Vice President Al Gore accepted $4,000 from Worth Construction executives in 1999. But the contribution triggered scandal when it emerged after the campaign (one Connecticut Post story about it appears on this weird site, more in Nexis), and campaign officials said they hadn't realized who it came from. In 2003, Senator Joseph Lieberman accepted a $2,000 check from the firm's president, who listed his occupation as "self-employed/construction" on the federal campaign finance filing.

No other federal, New York City, or New York State candidates, with the exception of one Westchester County judge, have taken money from Worth or Pontoriero since Al D'Amato in 1997. As the News reported, "In 2003, an FBI agent testified that Worth Construction owner Joseph Pontoriero is an associate of the Genovese crime family and that Worth had tried to bribe a local official."

Pontoriero didn't return The Politicker's call seeking a comment.

McKeon blamed the stories on the Clintons (who, he hinted darkly, "know how to do these things without fingerprints"), though The Politicker's tipster was not (as far as we know) Clinton-inspired and the News story was reported by Greg Smith, a veteran of the mafia beat who needs nobody's help in spotting mob-linked names on a campaign filing.

He also emailed over a list of recipients of contributions from firms named in the News story, which shows that three of the five (other than Worth)have also contributed to Democrats.  read more »

One firm named by the News, the Bergassi Group, has contributed to Chuck Schumer and to several members of the New York City congressional delegation. Another individual in the News story, Richard Nasti, has written checks to Andrew Cuomo, Richard Brodsky, Elliot Spitzer, and Alan Hevesi.

"Jeanine Pirro has been a leader in the fight against organized crime - any suggestion to the contrary is just ridiculous," McKeon said.

Exclusive: Pirro's "Mobbed-Up" Donor (Updated)

Jeanine Pirro has received at least $2,000 in campaign contributions from a company with long-reported ties to organized crime, according to Westchester campaign finance records.

Pirro's campaign for district attorney accepted $500 from the company, Worth Construction of Bethel, Connecticut., as recently as June 20, 2005. (Worth is one of several suspect donors catalogued in this Daily News report today.)

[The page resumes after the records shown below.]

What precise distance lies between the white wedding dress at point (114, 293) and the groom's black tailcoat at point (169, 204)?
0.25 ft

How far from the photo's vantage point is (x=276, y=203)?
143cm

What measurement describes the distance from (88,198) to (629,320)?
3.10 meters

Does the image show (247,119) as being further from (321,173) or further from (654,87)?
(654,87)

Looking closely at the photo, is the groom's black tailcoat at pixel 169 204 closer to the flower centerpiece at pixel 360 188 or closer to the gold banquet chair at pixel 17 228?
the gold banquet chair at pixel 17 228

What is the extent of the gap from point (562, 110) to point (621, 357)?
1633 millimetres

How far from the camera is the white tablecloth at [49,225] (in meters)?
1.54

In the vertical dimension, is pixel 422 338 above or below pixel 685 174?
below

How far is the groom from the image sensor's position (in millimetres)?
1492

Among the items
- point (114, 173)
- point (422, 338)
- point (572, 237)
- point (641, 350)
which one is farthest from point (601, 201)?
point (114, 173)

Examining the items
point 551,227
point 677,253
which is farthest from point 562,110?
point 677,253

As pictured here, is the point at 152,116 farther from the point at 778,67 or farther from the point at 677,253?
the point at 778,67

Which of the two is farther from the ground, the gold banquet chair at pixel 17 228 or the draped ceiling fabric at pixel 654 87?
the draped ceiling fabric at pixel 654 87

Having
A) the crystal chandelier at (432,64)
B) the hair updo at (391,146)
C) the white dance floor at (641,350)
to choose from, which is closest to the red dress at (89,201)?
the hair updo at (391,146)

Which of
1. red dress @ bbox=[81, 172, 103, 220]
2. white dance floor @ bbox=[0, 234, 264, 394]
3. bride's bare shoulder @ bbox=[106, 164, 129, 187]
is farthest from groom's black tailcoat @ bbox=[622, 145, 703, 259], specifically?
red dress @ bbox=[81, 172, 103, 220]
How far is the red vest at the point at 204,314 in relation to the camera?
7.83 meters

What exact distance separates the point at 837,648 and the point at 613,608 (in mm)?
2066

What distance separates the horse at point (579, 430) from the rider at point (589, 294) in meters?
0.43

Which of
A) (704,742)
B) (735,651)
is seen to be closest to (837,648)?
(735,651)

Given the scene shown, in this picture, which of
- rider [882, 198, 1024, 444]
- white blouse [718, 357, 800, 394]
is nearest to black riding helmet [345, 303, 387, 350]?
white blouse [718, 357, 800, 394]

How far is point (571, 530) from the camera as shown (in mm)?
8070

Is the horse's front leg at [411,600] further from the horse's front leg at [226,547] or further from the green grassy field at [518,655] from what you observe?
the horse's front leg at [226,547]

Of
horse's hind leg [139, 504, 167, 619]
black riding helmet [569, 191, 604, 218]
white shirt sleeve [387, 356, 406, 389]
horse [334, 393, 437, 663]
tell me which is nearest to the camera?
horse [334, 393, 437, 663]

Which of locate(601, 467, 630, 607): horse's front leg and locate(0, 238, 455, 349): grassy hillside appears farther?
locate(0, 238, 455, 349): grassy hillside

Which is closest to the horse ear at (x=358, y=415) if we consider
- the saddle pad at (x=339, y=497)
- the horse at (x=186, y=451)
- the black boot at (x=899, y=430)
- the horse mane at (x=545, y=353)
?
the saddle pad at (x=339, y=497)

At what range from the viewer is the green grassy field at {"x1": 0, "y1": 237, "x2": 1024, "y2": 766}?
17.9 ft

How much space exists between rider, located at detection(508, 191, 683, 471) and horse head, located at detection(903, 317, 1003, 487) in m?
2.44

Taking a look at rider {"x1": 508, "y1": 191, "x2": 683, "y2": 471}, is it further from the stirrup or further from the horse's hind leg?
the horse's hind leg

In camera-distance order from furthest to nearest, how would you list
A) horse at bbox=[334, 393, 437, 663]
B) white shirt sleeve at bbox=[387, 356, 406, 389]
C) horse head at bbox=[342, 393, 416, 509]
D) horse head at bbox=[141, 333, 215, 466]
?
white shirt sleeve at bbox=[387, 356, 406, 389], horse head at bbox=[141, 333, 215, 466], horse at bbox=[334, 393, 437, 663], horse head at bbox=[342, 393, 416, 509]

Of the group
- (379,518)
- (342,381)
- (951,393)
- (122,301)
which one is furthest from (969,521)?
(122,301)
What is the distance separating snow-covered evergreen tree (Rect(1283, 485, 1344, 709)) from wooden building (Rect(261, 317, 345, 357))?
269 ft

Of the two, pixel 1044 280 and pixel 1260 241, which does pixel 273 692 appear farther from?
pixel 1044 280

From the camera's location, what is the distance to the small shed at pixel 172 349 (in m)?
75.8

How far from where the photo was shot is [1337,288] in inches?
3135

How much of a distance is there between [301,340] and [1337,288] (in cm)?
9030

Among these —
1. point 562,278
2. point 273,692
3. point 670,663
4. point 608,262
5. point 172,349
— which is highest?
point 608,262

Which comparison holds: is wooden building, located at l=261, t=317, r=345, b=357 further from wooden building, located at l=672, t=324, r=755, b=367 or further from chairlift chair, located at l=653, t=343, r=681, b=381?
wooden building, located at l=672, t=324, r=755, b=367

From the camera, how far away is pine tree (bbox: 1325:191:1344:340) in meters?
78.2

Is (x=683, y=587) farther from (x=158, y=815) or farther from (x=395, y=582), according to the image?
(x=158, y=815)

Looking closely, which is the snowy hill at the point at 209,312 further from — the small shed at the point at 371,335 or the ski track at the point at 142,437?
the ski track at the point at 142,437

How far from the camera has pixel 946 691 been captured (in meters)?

The company was barred from bidding on school construction contracts in New York City after its president, Joseph Pontoriero, refused to answer any questions from authorities about his alleged mob ties, according to published reports. The firm has denied any such links.

The Times reported in 2000:

"Mr. Pontoriero was listed as an unindicted co-conspirator in the so-called commission case, a key prosecution in 1986 that helped break the mob's stranglehold on the concrete industry. That trial, a 10-week glimpse at gangland lore, established the existence of a Mafia politburo, known as the commission, and resulted in the conviction of the city's top crime leaders.

"He was a regular visitor to the Palma Boys Social Club in East Harlem in the 1980's, where, according to the F.B.I., he often met and talked with Anthony ["Fat Tony"] Salerno, then the crime family's boss."

Worth executives also contributed $9,000 to Al D'Amato's reelection campaign in 1997, and their contributions in 1999 to Al Gore generated something of a scandal after they were disclosed.

Westchester's electronic records, which go back only as far as 2001, list a $1,000 contribution to Pirro that year, followed by $500 in 2004 and another $500 this year.  read more »

Pirro spokesman Mike McKeon told the News and the (ever-gracious with the credit) Times: "Jeanine Pirro has prosecuted more than 100 made members and associates of the mob and has been a leader in the fight against organized crime. Any suggestion to the contrary is just ridiculous."